Now, I find this not only understandable, but also intriguing. Because hope is not the same thing as optimism – telling people it will all get better … somehow. And neither is hope something that is primarily evoked by the repetition of propositions or promises. Propositions are debatable and promises get dropped once deemed inconvenient. Then both hope and optimism give way to tired disillusionment.

It seems to me that hope is awakened when our hearts are stirred – and our hearts get stirred by language and story and image that set the imagination alight. Truth itself doesn’t necessarily move us. This is why one Old Testament theologian, in the title of one of his books, described the Hebrew prophetic writings as “words that linger, texts that explode”. It’s why Canadian musician Bruce Cockburn writes “2000 years and half a world away, dying trees still grow greener when you pray.” Words and associations take root and sometimes only burst into flame later.

Portia doesn’t tell people to behave well, but evokes an image that suggests simply that a little flame can lighten a large room. Don’t play down the small or the apparently insignificant. Do your bit today to change the world and that is something in itself.
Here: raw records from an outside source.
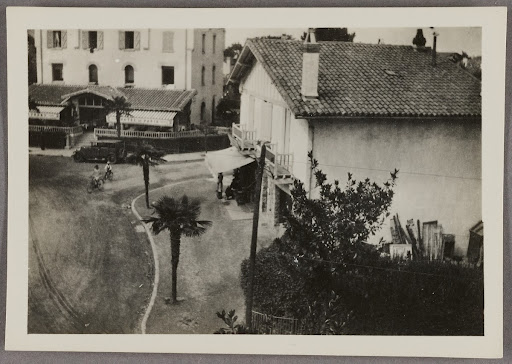 Intersección en Hendaya: el hotel de París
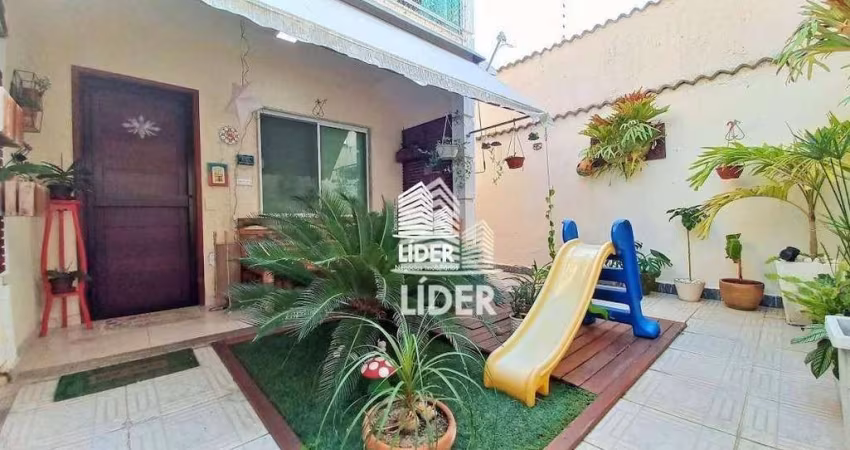 Casa com 2 dormitórios à venda, 84 m² por R$ 530.000,00 - Palmeiras - Cabo Frio/RJ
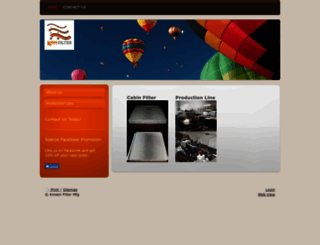 kinsens.com screenshot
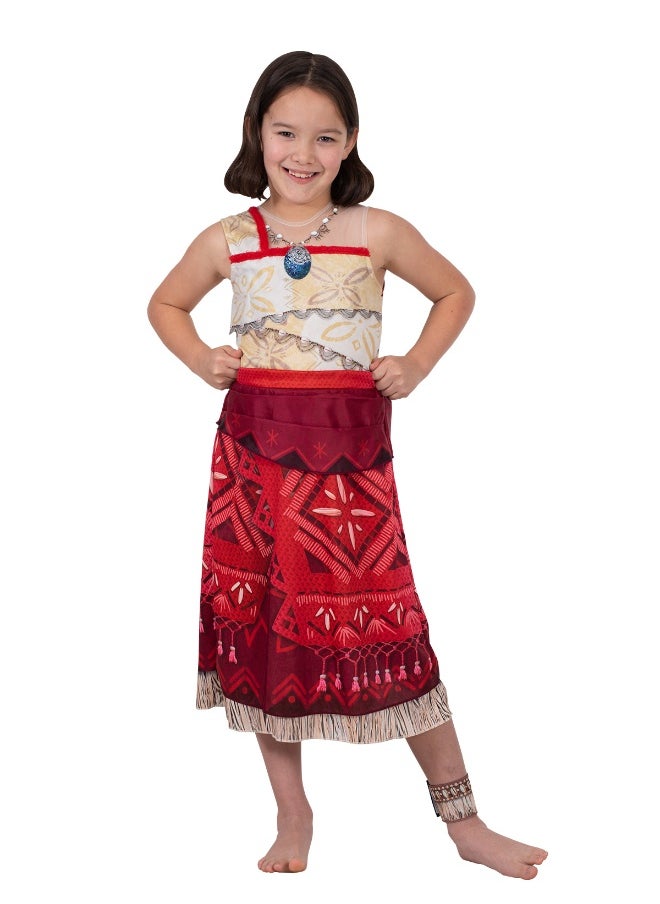 RUBIE'S - Rubie's Disney Moana 2 Deluxe Costume (3-5 years) - Image 1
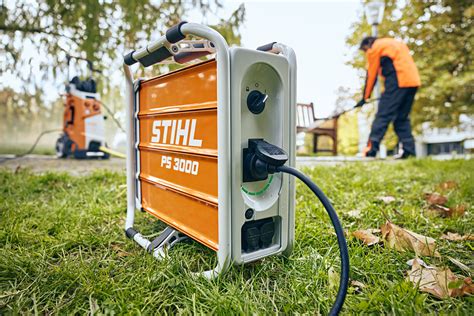 Mobile Stromversorgung Ps 3000 Online Kaufen Stihl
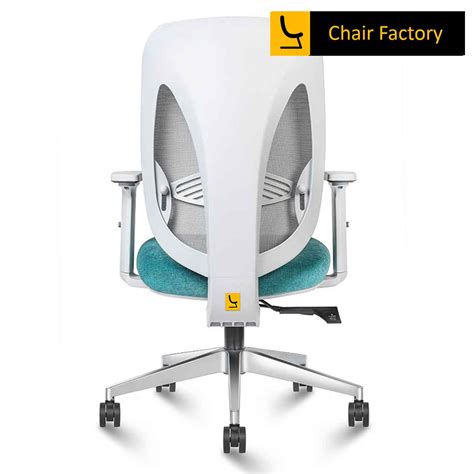 grey white ergotech ergonomic office computer chair | Chair Factory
And what might a Christian vision of hope look like? Well, I put it like this: we are not driven by fear or the pressures of today, but are drawn by hope – hope that comes from the future and is called resurrection. This hope says that death, violence, destruction and dismay do not have the last word, despite their real power. God does. But, the evidence of this hope will be seen in people lighting their little candles in a naughty world.